(Pictures with short captions)
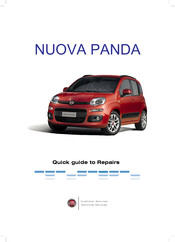 Fiat NUOVA PANDA Quick Manual To Repairs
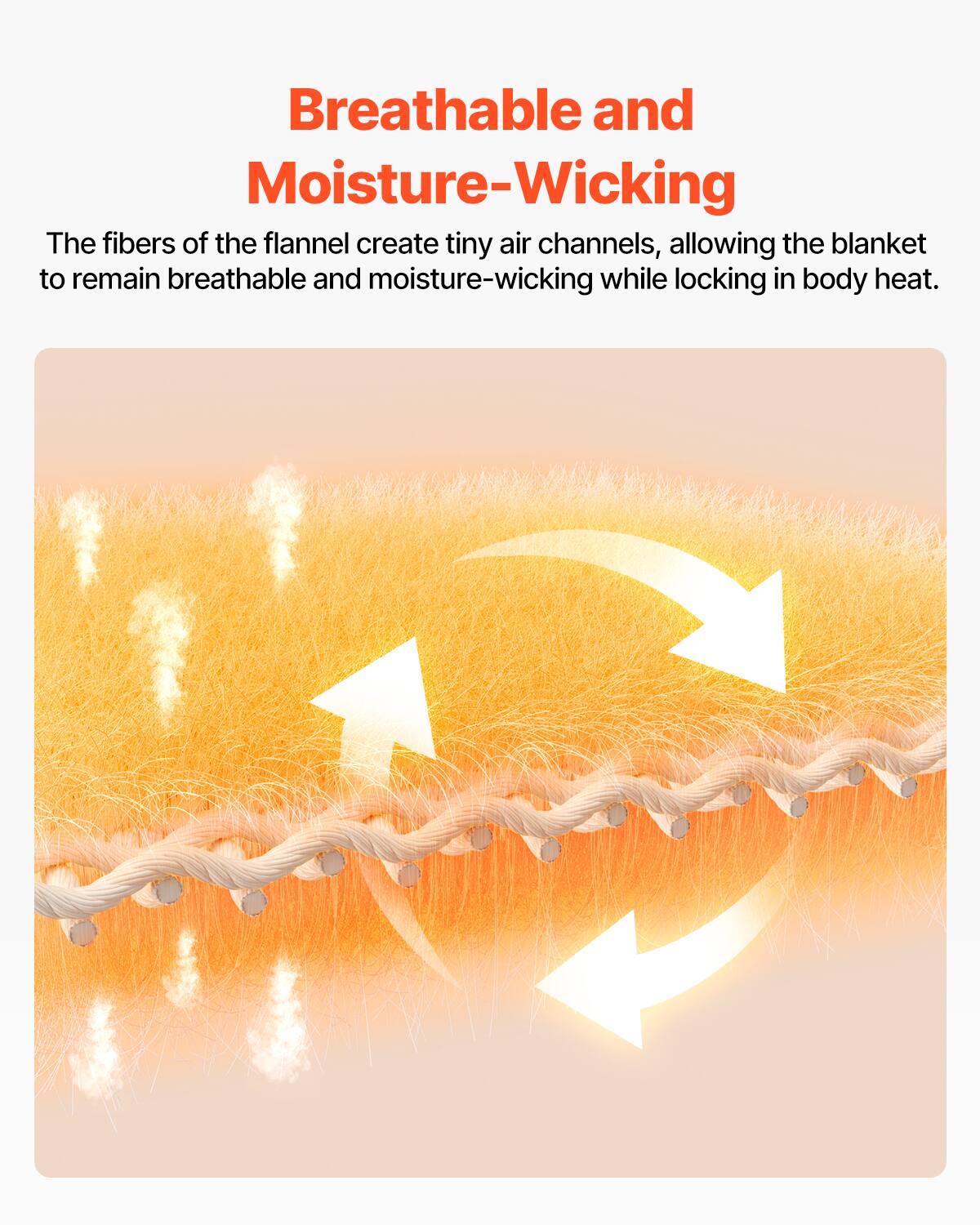 Breathable and Moisture-Wicking

The fibers of the flannel create tiny air channels, allowing the blanket to remain breathable and moisture-wicking while locking in body heat.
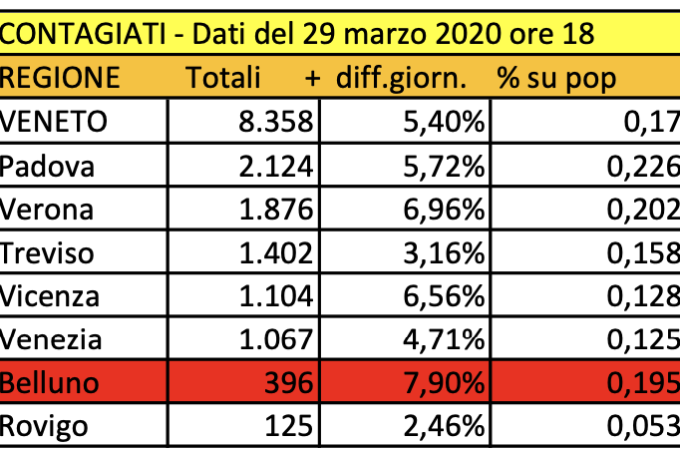 Schermata 2020-03-29 alle 18.55.12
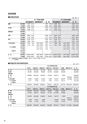 株式会社京都銀行　中間期ディスクロージャー誌　2018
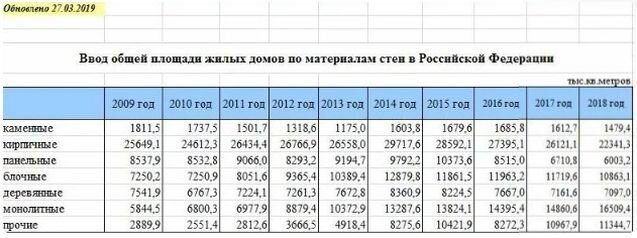 Шикарные заморские варианты строительного бруса, придуманные нашими .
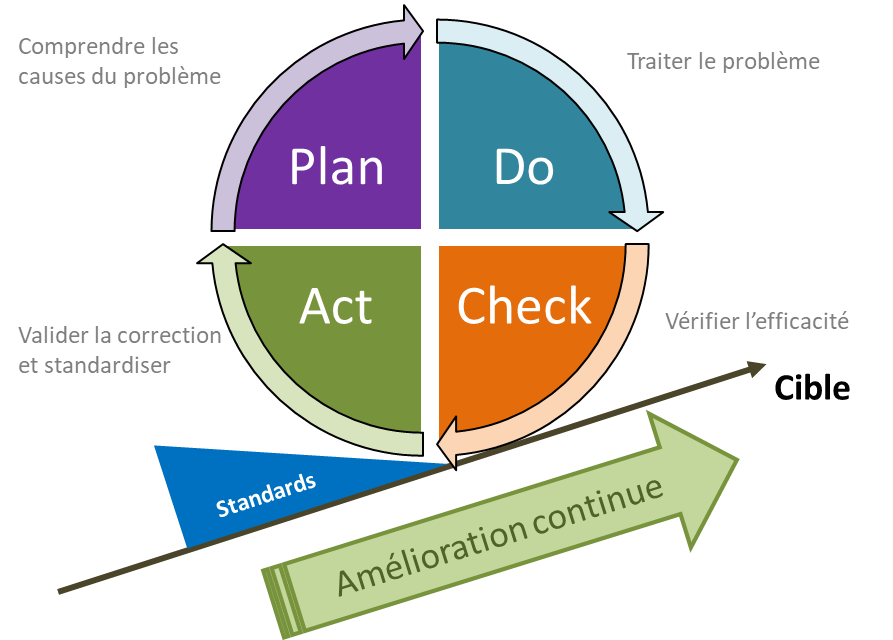 Méthode PDCA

PROBLEM DESCRIPTION ::
Beginning with the line containing "Schermata 2020-03-29 alle 18.55.12" and ending with the last line of the data, output those lines exactly and nothing more. Omit every picture.

RESULT ::
 Schermata 2020-03-29 alle 18.55.12
 株式会社京都銀行　中間期ディスクロージャー誌　2018
 Шикарные заморские варианты строительного бруса, придуманные нашими .
 Méthode PDCA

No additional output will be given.